Except for a few lines last month, I have purposely avoided writing about the Microsoft/DOJ courtroom battle that has been going on for the last year. The reason was simple: I was not sure where I stood on the issue.
At first glance, I thought it boiled down to the government interfering in areas it knew nothing about. What does the government know about computers, operating system, etc? Not much, I would think. And do I really want to have the government meddle in the world of high technology? I know I don’t want them to try and govern the Internet, nor do I want them to say what an operating system can and cannot have in it. At first, it seemed very simple to me. I was on the side of Microsoft, not because I think MS is not guilty, but because I saw this as a stepping stone for the government to stick its nose where it does not belong.
But the problems and issues go much deeper than that. And after all this time, reading the various news reports on the proceeding of the case, I have slowly come to the conclusion that my initial thought process was wrong, and that the DOJ should in fact be investigating this matter. Now I will give a few of the reasons why I feel this way, and why I now hope something will be done which will force Microsoft to play (and compete) on a level business playing field.
First is the issue of using their Windows 95/98 to compete unfairly with other businesses. This is really what the entire case and lawsuit is all about. Does Microsoft use its dominance to quash other businesses? Sure it does. In my opinion, whether or not the DOJ can prove that in court is irrelevant. Don’t believe me? Call up Compaq and ask to buy a desktop computer without Microsoft Windows 95/98 preinstalled. You can’t do it. Better yet, call and ask Gateway Computers if you can buy a computer with Windows 98, but without Internet Explorer. Guess what? You can’t do that, either. In fact, Microsoft has gone so far as to threaten PC manufacturers who have changed Windows in ways MS did not like. Such as the excerpt from a letter from Don Hardwick, Microsoft’s head of OEM sales, to Celeste Dunn, Compaq’s vice president of consumer software business, dated June 6, 1996. In it, Microsoft is threatening to terminate Compaq’s license for Windows 95 unless Compaq restores the Microsoft Network and Internet Explorer icons on the desktop.

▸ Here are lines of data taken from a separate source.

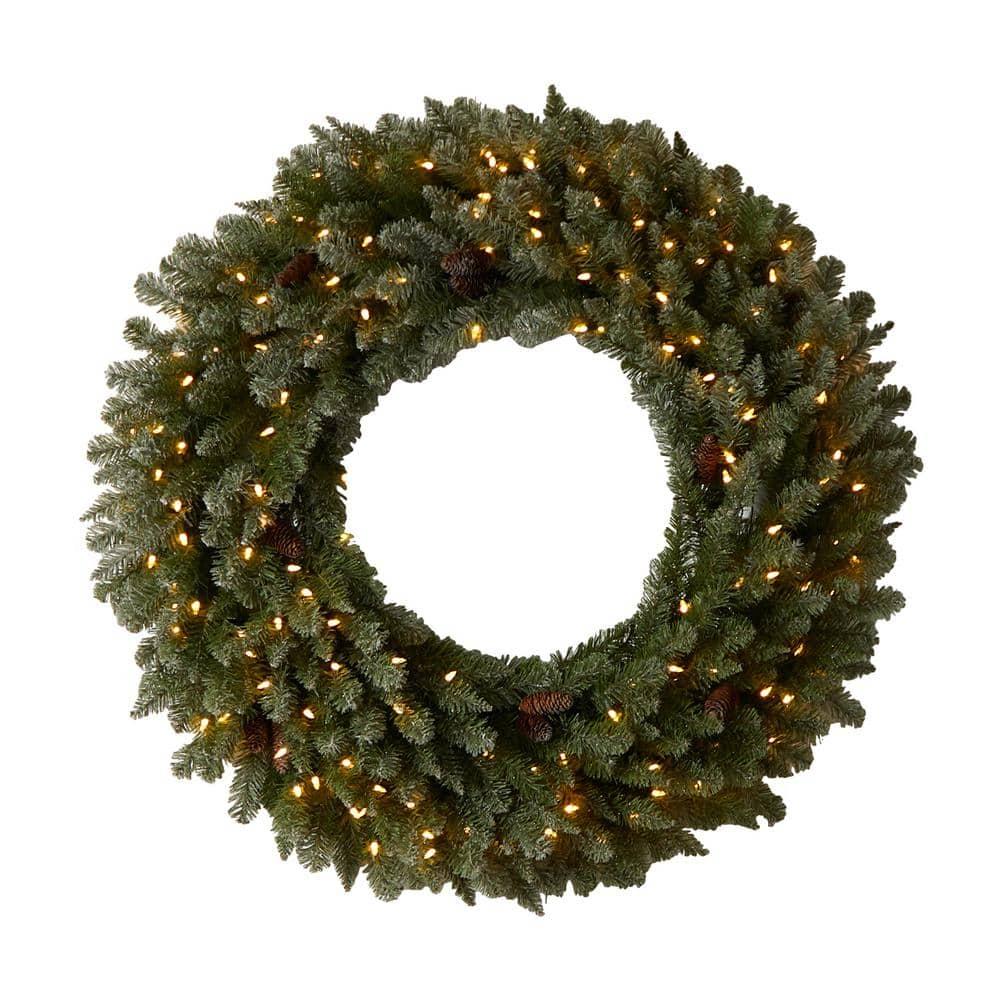48 in. Prelit LED Large Flocked Artificial Christmas Wreath with Pinecones, 150 Clear LED Lights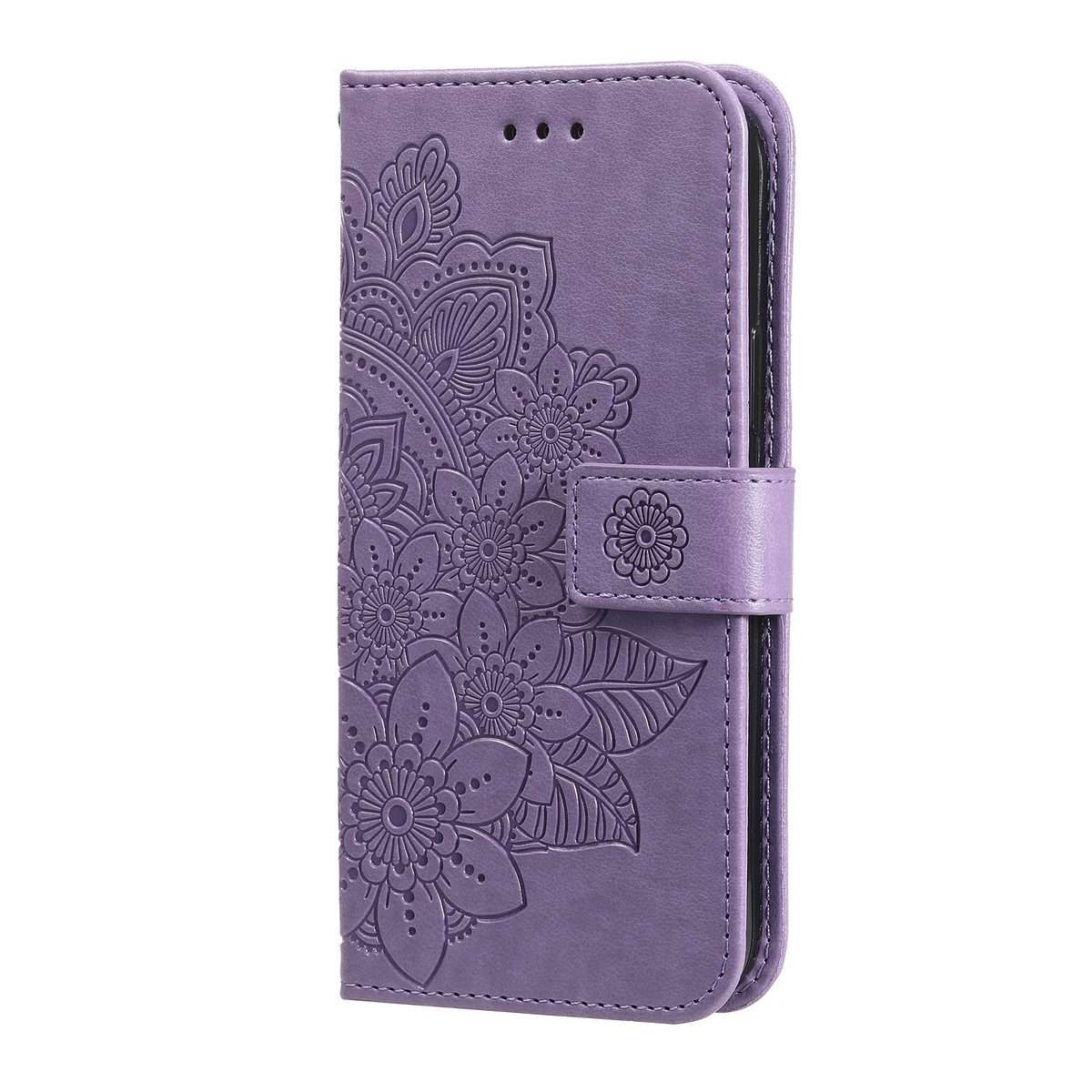 For iPhone 15 Pro Max Seven-petal Flowers Embossing Leather Phone Case(Light Purple)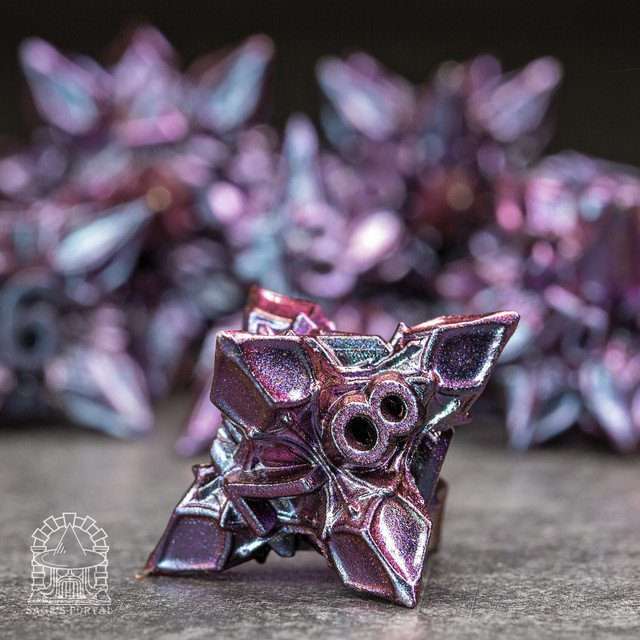 Sage's Deadly Blossoms Violet Metal Polyhedral Dice Set - Sage's PortalMetal Dice Set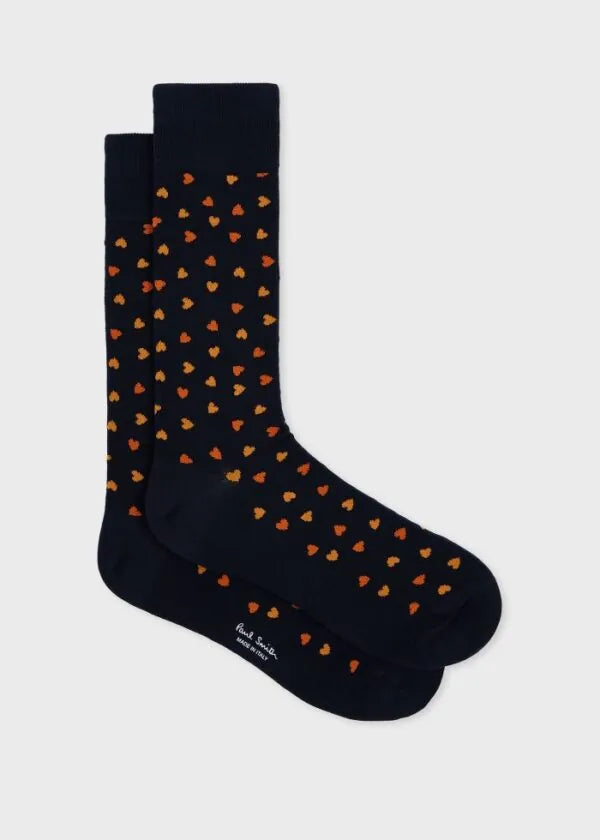 Pale Blue Cotton-Blend Heart Socks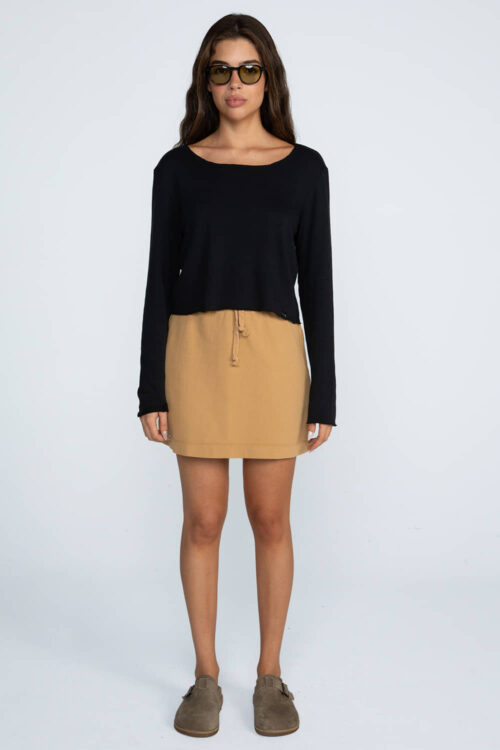 Alternative view of Cropped corte a fio em linho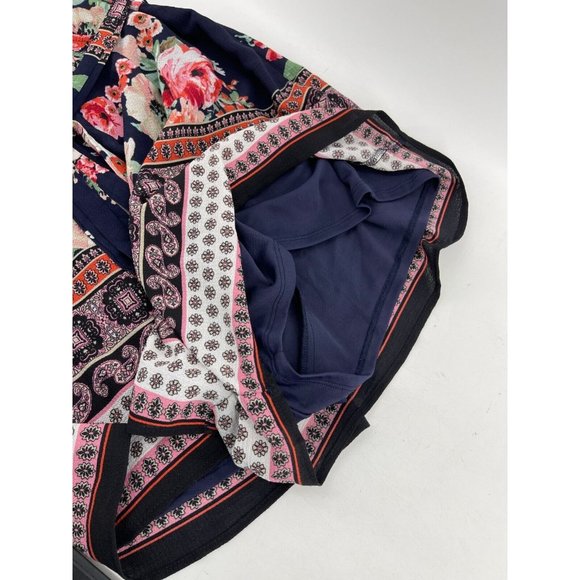 Women's Navy Blue Shorts Romper Paisley Roses Floral Lined w/ Belt Size Medium - Picture 7 of 9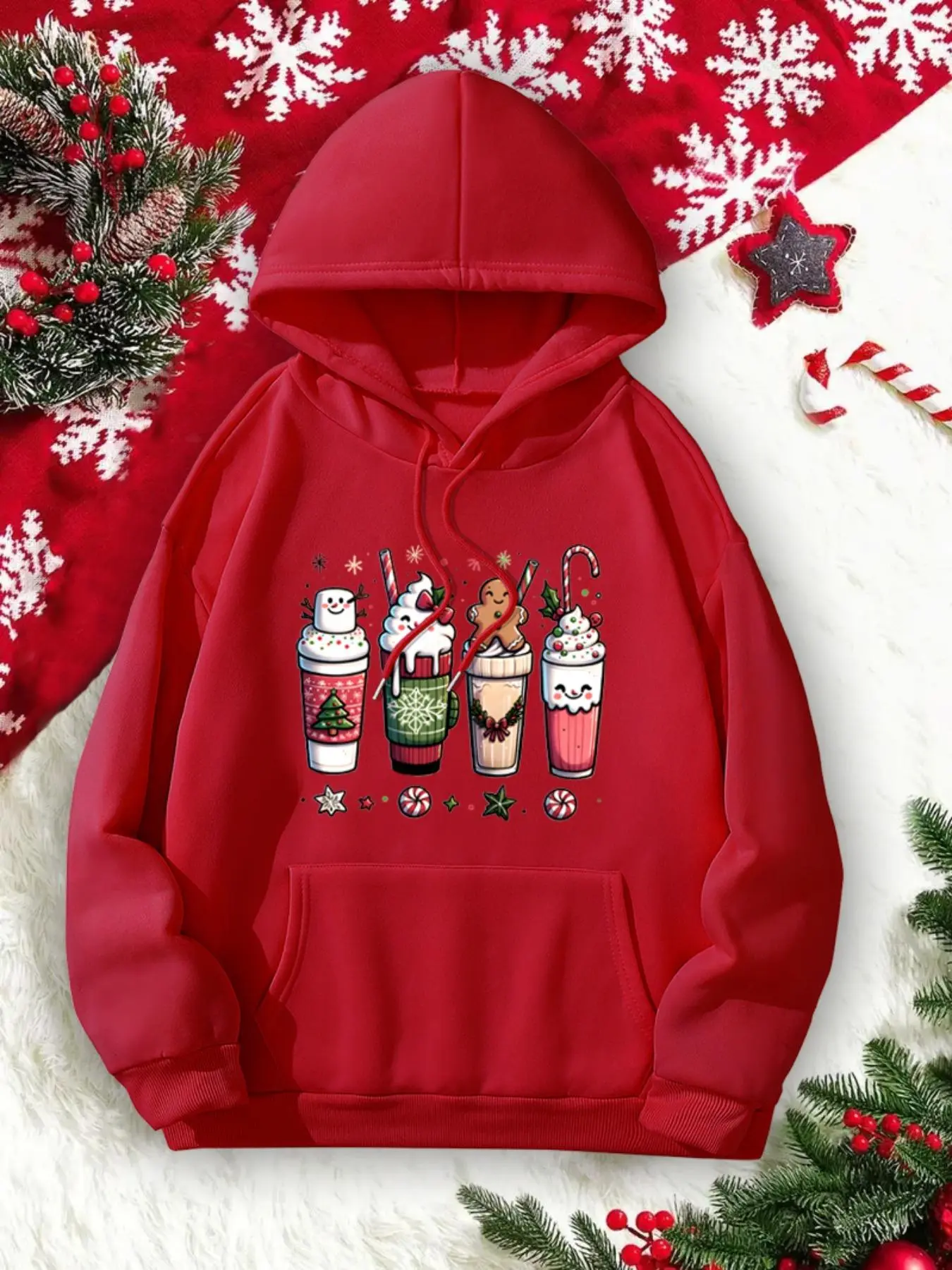 Women's Christmas Ice Cream Print Hoodie, Casual Long Sleeve Hooded Sweatshirt for Daily Wear, Ladies Clothes for All Seasons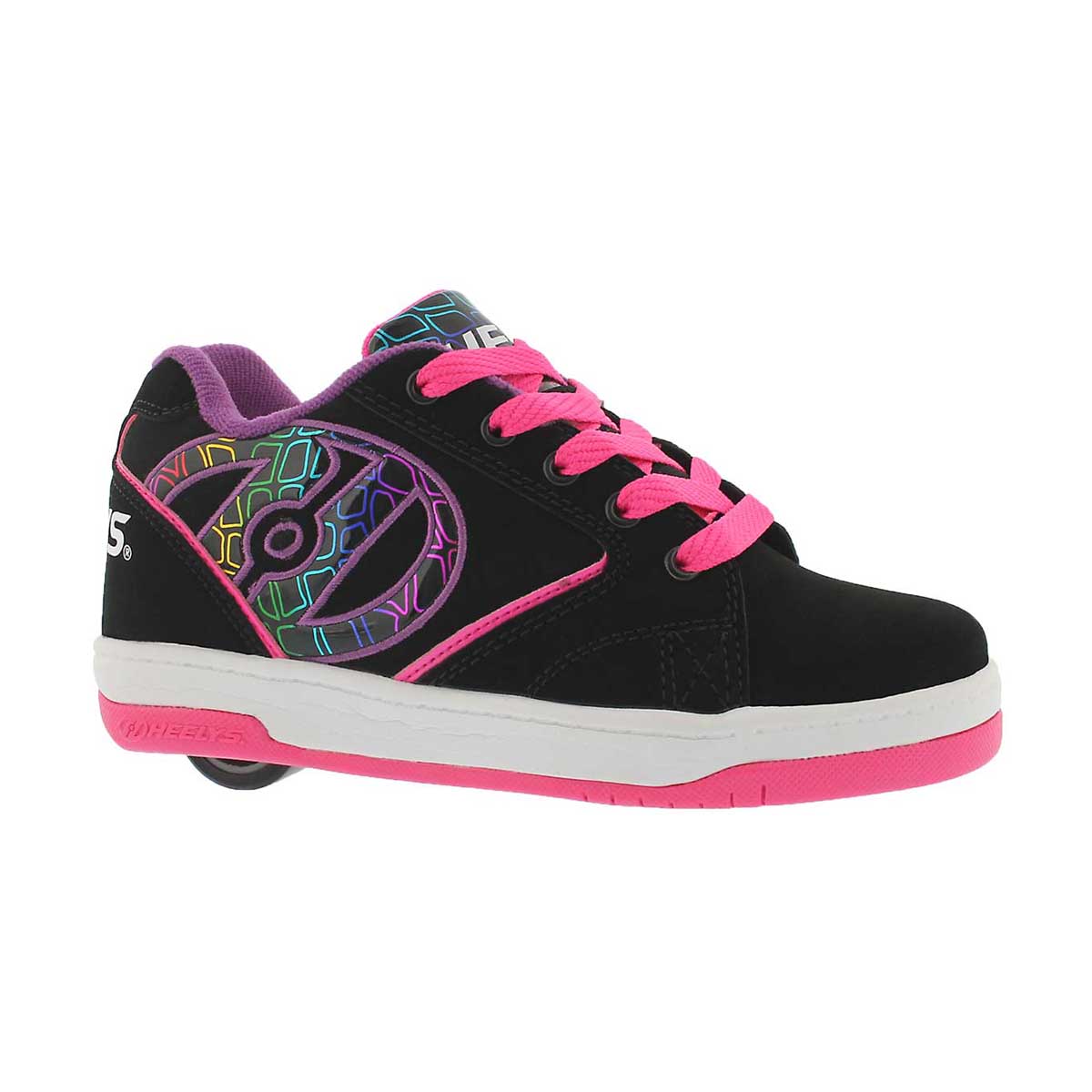 Girls' PROPEL 2.0 black/pink/purple skate sneakers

“As we discussed, in the spirit of reinstating mutual cooperation and trust we would like to resolve the above mentioned Notice of Intent to Terminate letter in as a quick and mutually agreeable manner as possible.
“To accomplish this, Microsoft is requesting that Compaq replace the Microsoft Network and Internet Explorer icons on the Windows 95 desktop on all Compaq Presario machines. Specifically we are asking that these icons be put back on the Windows 95 desktop so they look and function exactly the same as how they were originally provided by Microsoft and/or Authorized Replicators. This means the icons should not be just Windows 95 shortcuts, since the functionality is different. In addition, the Microsoft Network and Internet Explorer icons and Internet Setup Wizard icon should also be put back into their original locations and functionality under the “Start” button on Windows 95.”
The latest DOJ/Microsoft battle has raged on about the issue of Internet Explorer. MS claims that IE is part of the operating system, and cannot be removed. The DOJ claims it can be, and has presented expert witnesses who have demonstrated a version of Windows 98 with IE uninstalled. The result? It ran fine, even connecting to the Internet with no problem using a rival browser. Not to be outdone, MS showed a tape in which they proved that without IE installed, it was much harder to connect to the Internet. It now turns out that the tape in question was a fake, a doctored video.
From a Reuters report dated Feb 4th:
“At a bench sidebar with the judge Wednesday Feb. 3rd, Microsoft won permission to redo the video. Government lawyer David Boies asked if government representatives could be present and a Microsoft lawyer agreed, as did the judge.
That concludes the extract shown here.